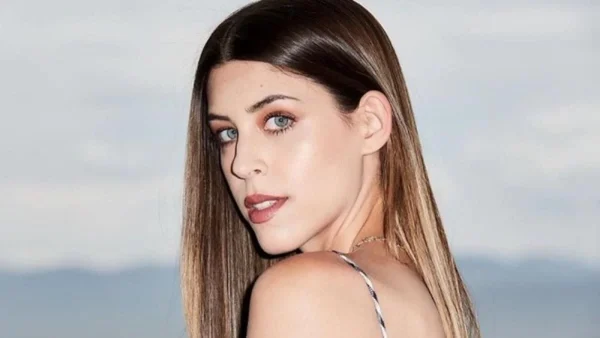 «Η σκέψη μου και η καρδιά μου είναι εκεί» - "Ράγισε" καρδιές το μήνυμα της Demy για την Ουκρανία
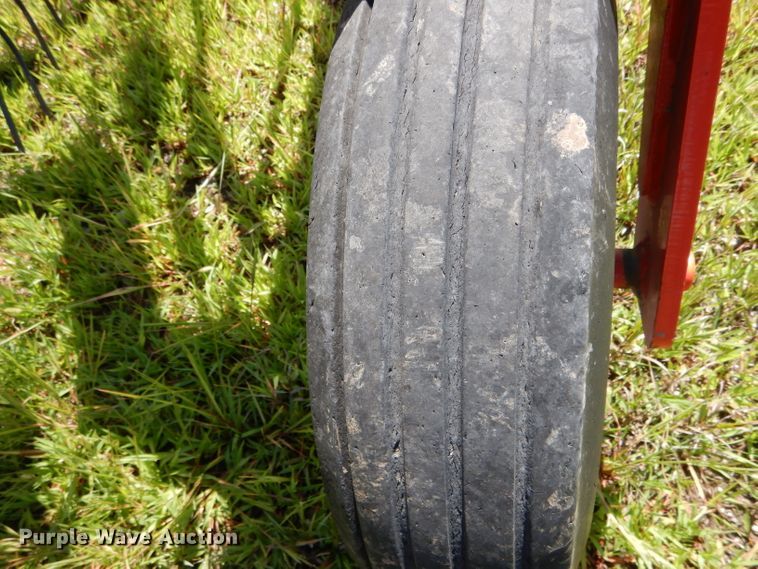 image for item DH6115 Kuhn SR600 Speedrake hay rake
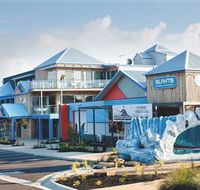 The Island Accommodation - Lightning Ridge Tourism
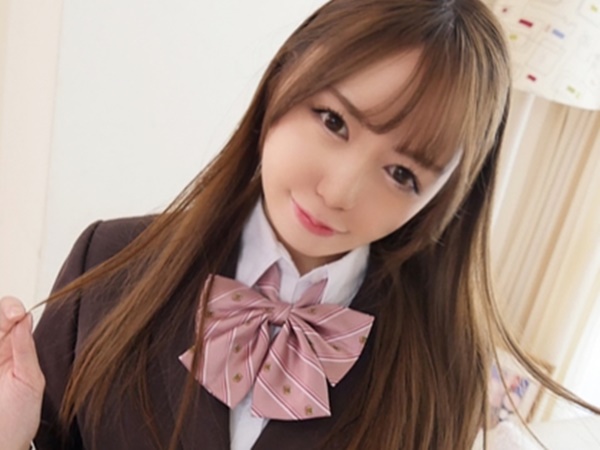 【素人×ティーンエイジャー】どこにでも居そうな女子校生（19）とイラマチオを楽しんじゃおう！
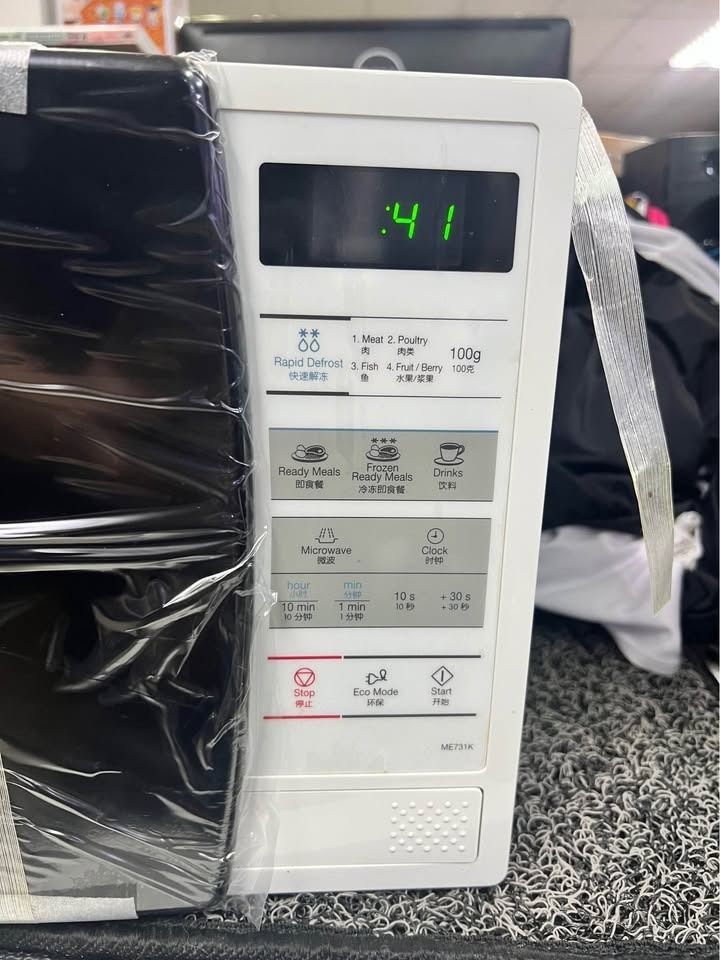 Samsung ME731K 20L Microwave Ceramic Enamel Interior (Category: Ovens & Toasters) located in Pasay City. Submitted by meostore (Listing ID 1423686732, Image 2). Description: With Plastic Inserts 220v, ready to use Working Condition With Eco Power 20L Capacity Triple Distribution System Pasay Location ‼️‼️ .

Work instruction: Would you retype every line shown above exactly, leaving the pictures aside?

Output:
 «Η σκέψη μου και η καρδιά μου είναι εκεί» - "Ράγισε" καρδιές το μήνυμα της Demy για την Ουκρανία
 image for item DH6115 Kuhn SR600 Speedrake hay rake
 The Island Accommodation - Lightning Ridge Tourism
 【素人×ティーンエイジャー】どこにでも居そうな女子校生（19）とイラマチオを楽しんじゃおう！
 Samsung ME731K 20L Microwave Ceramic Enamel Interior (Category: Ovens & Toasters) located in Pasay City. Submitted by meostore (Listing ID 1423686732, Image 2). Description: With Plastic Inserts 220v, ready to use Working Condition With Eco Power 20L Capacity Triple Distribution System Pasay Location ‼️‼️ .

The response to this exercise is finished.